### RECORDS FOR THE TASK:
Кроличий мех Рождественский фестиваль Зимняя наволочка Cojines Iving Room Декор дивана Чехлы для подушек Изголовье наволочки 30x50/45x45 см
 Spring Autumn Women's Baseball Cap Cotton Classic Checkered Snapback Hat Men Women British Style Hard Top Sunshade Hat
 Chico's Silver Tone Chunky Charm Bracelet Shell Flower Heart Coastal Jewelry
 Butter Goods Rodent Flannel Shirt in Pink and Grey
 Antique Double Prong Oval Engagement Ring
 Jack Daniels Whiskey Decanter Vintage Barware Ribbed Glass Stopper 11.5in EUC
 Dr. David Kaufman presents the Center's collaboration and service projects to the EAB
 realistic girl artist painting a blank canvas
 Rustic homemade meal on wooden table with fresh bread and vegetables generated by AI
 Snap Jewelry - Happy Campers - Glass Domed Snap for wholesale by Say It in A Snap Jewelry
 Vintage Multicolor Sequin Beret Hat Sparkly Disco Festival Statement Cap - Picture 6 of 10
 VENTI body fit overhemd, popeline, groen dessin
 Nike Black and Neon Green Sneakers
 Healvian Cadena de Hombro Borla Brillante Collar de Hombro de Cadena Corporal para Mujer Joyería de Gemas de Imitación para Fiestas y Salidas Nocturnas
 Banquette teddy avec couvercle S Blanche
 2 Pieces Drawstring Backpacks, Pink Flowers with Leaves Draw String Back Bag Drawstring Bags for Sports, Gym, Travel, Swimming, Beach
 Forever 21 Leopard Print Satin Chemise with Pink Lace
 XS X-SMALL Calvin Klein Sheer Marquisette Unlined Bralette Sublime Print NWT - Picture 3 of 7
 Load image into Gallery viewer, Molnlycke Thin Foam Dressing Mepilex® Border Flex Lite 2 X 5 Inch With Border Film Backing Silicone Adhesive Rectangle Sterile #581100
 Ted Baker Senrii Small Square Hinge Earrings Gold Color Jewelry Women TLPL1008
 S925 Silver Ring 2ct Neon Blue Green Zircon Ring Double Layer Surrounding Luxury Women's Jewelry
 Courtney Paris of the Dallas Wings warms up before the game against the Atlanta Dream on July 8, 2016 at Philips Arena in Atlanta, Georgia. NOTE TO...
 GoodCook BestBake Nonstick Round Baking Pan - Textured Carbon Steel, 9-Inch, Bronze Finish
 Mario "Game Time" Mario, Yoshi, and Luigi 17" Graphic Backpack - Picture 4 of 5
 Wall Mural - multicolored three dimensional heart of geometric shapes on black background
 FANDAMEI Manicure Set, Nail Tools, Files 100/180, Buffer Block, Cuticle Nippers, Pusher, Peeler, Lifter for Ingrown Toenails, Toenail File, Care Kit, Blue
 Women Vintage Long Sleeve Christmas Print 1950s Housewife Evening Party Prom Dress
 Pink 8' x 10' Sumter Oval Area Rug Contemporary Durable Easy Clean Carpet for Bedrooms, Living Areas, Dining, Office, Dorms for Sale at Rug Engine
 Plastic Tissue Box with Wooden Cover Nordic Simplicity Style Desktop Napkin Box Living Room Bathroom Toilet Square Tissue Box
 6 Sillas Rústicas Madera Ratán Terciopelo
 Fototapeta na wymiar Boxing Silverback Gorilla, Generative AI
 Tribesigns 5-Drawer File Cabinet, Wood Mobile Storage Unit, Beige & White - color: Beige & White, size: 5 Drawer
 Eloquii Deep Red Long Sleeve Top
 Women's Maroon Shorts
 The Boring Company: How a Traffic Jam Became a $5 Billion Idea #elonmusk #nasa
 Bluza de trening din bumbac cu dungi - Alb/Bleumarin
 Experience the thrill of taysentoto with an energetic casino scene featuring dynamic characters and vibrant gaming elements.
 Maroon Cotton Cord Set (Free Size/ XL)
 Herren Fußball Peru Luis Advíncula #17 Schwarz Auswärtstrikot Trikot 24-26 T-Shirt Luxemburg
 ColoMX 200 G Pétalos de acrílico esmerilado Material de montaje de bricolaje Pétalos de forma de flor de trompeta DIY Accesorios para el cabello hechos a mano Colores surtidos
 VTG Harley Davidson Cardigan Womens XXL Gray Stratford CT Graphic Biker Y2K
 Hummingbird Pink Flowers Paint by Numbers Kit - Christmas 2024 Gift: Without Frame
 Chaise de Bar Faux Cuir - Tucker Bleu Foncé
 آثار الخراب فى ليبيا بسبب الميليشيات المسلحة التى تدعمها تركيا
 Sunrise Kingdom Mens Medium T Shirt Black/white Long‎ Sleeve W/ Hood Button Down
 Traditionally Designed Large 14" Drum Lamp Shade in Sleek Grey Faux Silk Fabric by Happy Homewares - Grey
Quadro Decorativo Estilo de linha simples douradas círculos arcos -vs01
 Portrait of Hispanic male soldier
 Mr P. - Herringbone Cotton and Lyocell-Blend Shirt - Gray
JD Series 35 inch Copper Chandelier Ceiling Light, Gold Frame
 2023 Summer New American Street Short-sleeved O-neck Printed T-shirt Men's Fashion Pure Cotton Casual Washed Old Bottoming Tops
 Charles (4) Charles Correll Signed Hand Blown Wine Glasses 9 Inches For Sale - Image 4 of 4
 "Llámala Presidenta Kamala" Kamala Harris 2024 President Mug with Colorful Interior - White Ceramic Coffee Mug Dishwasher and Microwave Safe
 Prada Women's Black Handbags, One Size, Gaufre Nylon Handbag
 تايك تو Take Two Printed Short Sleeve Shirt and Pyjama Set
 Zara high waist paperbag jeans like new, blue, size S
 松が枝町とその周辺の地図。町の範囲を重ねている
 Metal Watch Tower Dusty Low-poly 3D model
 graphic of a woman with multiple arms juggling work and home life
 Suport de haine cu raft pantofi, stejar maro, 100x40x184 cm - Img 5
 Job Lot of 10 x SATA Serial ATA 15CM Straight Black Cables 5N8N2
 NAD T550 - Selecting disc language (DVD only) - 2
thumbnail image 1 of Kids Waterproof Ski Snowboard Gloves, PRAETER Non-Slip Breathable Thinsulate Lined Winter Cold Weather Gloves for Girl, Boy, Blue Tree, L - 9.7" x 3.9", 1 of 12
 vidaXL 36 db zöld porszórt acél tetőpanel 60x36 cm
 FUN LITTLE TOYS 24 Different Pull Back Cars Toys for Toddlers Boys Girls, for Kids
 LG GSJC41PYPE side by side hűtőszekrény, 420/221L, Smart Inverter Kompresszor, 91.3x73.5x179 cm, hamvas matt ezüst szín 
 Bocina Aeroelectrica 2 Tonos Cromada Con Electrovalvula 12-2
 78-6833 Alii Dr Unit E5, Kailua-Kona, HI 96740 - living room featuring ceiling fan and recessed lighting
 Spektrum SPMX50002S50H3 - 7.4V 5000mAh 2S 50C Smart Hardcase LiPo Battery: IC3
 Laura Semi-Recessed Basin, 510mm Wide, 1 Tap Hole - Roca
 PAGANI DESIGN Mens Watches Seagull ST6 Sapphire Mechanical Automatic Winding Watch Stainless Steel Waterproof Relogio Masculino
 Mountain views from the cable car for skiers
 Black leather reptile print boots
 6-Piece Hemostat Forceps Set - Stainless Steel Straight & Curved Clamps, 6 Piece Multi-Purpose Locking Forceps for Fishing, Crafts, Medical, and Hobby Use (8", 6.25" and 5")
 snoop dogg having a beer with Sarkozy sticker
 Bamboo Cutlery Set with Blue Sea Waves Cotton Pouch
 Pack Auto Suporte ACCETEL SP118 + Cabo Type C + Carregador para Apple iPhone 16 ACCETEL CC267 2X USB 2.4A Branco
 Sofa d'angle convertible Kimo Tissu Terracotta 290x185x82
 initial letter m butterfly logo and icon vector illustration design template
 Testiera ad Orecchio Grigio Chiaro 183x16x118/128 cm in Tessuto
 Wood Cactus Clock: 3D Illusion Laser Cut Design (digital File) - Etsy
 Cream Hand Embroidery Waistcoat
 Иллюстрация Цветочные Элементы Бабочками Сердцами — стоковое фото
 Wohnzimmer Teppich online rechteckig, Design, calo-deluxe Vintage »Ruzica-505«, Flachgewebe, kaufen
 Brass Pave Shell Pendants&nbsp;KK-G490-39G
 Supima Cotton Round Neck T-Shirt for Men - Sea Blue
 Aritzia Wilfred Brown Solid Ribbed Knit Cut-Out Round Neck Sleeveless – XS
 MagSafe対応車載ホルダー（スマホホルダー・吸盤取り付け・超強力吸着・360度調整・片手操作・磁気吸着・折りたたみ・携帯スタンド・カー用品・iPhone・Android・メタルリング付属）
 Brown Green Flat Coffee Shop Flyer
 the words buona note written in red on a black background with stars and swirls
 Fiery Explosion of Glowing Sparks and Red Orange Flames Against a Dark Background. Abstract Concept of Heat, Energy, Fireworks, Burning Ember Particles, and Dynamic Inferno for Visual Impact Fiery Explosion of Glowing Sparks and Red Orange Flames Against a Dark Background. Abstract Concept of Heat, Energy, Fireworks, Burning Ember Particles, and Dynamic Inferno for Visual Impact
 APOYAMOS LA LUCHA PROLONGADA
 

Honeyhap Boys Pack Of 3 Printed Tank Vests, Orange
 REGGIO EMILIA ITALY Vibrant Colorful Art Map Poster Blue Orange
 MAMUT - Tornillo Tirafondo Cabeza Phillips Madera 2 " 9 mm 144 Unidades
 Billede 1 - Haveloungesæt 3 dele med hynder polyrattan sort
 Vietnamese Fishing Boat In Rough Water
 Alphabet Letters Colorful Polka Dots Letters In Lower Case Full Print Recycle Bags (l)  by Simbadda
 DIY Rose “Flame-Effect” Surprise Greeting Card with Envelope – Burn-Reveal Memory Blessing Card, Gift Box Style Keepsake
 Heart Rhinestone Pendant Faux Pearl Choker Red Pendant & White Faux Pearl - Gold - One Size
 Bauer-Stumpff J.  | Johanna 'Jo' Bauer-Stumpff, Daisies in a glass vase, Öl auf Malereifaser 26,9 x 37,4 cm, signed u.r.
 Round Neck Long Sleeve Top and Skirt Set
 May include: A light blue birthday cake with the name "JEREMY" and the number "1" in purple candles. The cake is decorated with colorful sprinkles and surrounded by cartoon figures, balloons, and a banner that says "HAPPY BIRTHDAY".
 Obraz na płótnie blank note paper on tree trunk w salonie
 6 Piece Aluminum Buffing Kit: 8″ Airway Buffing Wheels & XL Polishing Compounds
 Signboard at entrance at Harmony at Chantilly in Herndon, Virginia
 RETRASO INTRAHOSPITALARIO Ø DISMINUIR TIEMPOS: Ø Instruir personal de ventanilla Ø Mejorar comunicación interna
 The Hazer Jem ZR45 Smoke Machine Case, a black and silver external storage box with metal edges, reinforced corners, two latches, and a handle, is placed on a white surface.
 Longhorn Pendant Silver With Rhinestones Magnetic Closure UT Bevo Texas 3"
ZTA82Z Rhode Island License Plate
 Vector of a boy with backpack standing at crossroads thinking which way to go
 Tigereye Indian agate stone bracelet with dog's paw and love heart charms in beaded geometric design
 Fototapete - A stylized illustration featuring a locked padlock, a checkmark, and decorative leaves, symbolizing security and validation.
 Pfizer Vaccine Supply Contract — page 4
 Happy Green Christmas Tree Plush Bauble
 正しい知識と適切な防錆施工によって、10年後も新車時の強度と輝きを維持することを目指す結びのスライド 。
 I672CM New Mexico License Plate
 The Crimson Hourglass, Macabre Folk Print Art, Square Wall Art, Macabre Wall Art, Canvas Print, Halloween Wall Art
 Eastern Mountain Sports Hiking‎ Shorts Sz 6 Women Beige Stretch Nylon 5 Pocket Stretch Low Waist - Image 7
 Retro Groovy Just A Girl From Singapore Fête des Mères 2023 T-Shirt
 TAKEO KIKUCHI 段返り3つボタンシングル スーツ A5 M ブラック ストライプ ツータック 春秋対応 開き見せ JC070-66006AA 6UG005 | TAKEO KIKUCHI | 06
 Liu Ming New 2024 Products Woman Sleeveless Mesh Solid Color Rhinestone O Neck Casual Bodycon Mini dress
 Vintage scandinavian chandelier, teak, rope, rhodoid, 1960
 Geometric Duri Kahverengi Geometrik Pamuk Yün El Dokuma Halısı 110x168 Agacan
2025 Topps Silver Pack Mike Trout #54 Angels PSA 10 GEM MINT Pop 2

### PROBLEM STATEMENT:
What you return should be the lines from the beginning of the records through the one that contains "Antique Double Prong Oval Engagement Ring", repeated exactly and with no additions.

### EXPECTED ANSWER:
Кроличий мех Рождественский фестиваль Зимняя наволочка Cojines Iving Room Декор дивана Чехлы для подушек Изголовье наволочки 30x50/45x45 см
 Spring Autumn Women's Baseball Cap Cotton Classic Checkered Snapback Hat Men Women British Style Hard Top Sunshade Hat
 Chico's Silver Tone Chunky Charm Bracelet Shell Flower Heart Coastal Jewelry
 Butter Goods Rodent Flannel Shirt in Pink and Grey
 Antique Double Prong Oval Engagement Ring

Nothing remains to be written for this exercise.